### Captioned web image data
= = =

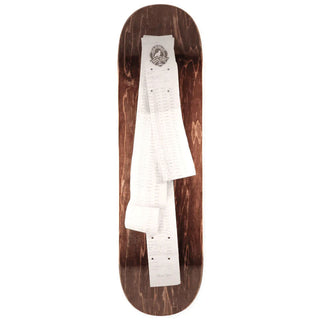 Passport Skateboard Deck Jack O'Grady Receipt 8.5" x 32.25"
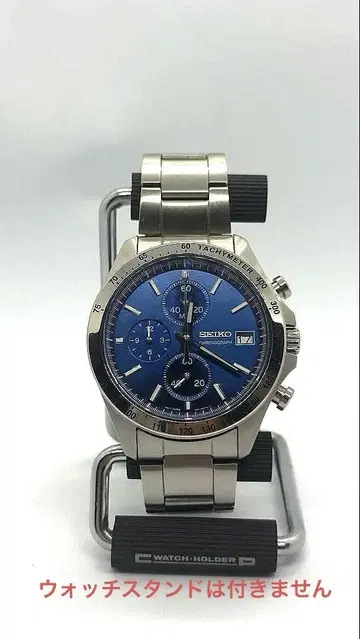 (작동 중) SEIKO 남성용 손목시계 SBTR-023 크로노그래프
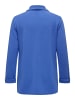 ONLY Carmakoma Blazer in Strong Blue
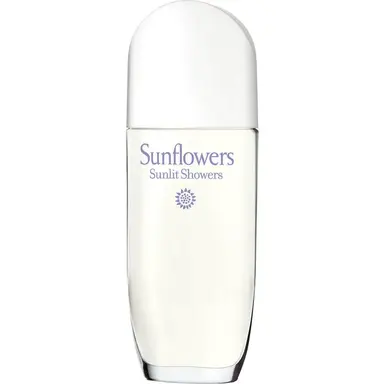 Sunflowers Sunlit Showers by Elizabeth Arden bottle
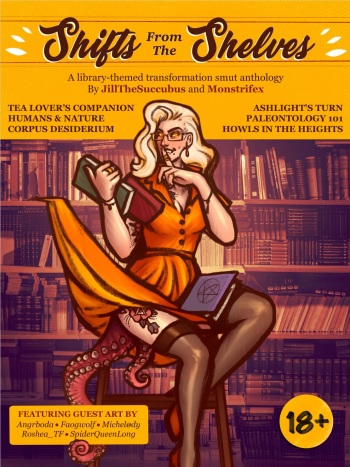 Shifts from the Shelves - preview cover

= = =

### TASK GOAL
Produce an exact copy of each line of data, skipping embedded images.

### RESULT FOR THIS EXERCISE
 Passport Skateboard Deck Jack O'Grady Receipt 8.5" x 32.25"
 (작동 중) SEIKO 남성용 손목시계 SBTR-023 크로노그래프
 ONLY Carmakoma Blazer in Strong Blue
 Sunflowers Sunlit Showers by Elizabeth Arden bottle
 Shifts from the Shelves - preview cover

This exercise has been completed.